In the second place, election calls for humility because it is not unconditional. While we cannot enter God's kingdom by virtue of either our faith or obedience, our willful unbelief or disobedience can cause us to be cut off.

Thus, if we have come to faith, we are in Christ and therefore elect, but we cannot take any credit for this. Election is all of grace. Christ says, "You did not choose Me, but I chose you" (John 15:16). Salvation is wholly due to the divine initiative. While we cannot take any credit for the privilege of election, we must accept its personal responsibility. "Do not be arrogant, but be afraid" (Rom. 11:20). Through the elect, God still desires to bless all nations. "'You are the salt of the earth.... You are the light of the world" '(Matt. 5:13,14). "'Therefore go and make disciples of all nations'" (Matt. 28:19). "'Go into all the world and preach the good news to all creation' " (Mark 16:15). The revelator declares:
    Then I saw another angel flying in midair, and he had the eternal gospel to proclaim to those who live on the earth—to every nation, tribe, language and people.—Rev. 14:6.

    After this I looked and there before me was a great multitude that no one could count, from every nation, tribe, people and language, standing before the throne and in front of the Lamb. They were wearing white robes and were holding palm branches in their hands. And they cried out in a loud voice:

    "Salvation belongs to our God, who sits on the throne, and to the Lamb." —Rev. 7:9, 10.
    The city does not need the sun or the moon to shine on it, for the glory of God gives it light, and the Lamb is its lamp. The nations will walk by its light, and the kings of the earth will bring their splendor into it. .. . The glory and honor of the nations will be brought into it. . .

    On each side of the river stood the tree of life, bearing twelve crops of fruit, yielding its fruit every month. And the leaves of the tree are for the healing of the nations.—Rev. 21:23, 24, 26; 22:2.
To fail in our responsibility to be a blessing to others means that we, like the unbelieving Jews, become like that barren fig tree which merely cumbered the ground. It must be cut down. Jesus also said, "'He cuts off every branch in Me that bears no fruit' " (John 15:2).

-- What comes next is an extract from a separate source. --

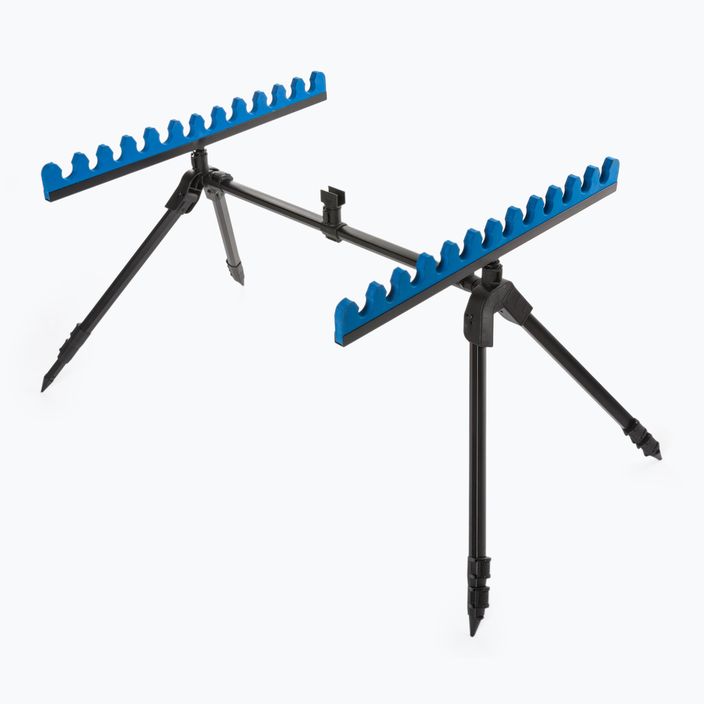 Preston Innovations Competition Pro Roost rod stand - Deluxe 3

The servant of Yahweh, brought to view in Isaiah, could only accomplish the covenantal purpose of God through suffering (Isa. 53). To be elect through union with Christ means to be elected to suffering.
    For it has been granted to you on behalf of Christ not only to believe on Him, but also to suffer for Him. — Phil. 1:29.

    I want to know Christ and the power of His resurrection and the fellowship of sharing in His sufferings, becoming like Him in His death. — Phil. 3:10.

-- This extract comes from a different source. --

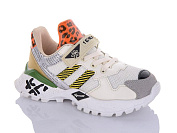 Кроссовки Bessky 9783-4B пена от магазина Frison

    Dear friends, do not be surprised at the painful trial you are suffering, as though something strange were happening to you. — l Peter 4:12.
The elect should not be surprised when they are called to suffer but should rather expect it. When God called Paul, He said, "'This man is My chosen instrument to carry My name before the Gentiles and their kings and before the people of Israel. I will show him how much he must suffer for My name'"(Acts 9:15, 16). Fellowship with Christ means fellowship in His sufferings.
    Now if we are children, then we are heirs—heirs of God and co-heirs with Christ, if indeed we share in His sufferings in order that we may also share in His glory.—Rom. 8:17.



1 Although Cyrus may be in view in this scripture, the prophet uses him as a type of Christ.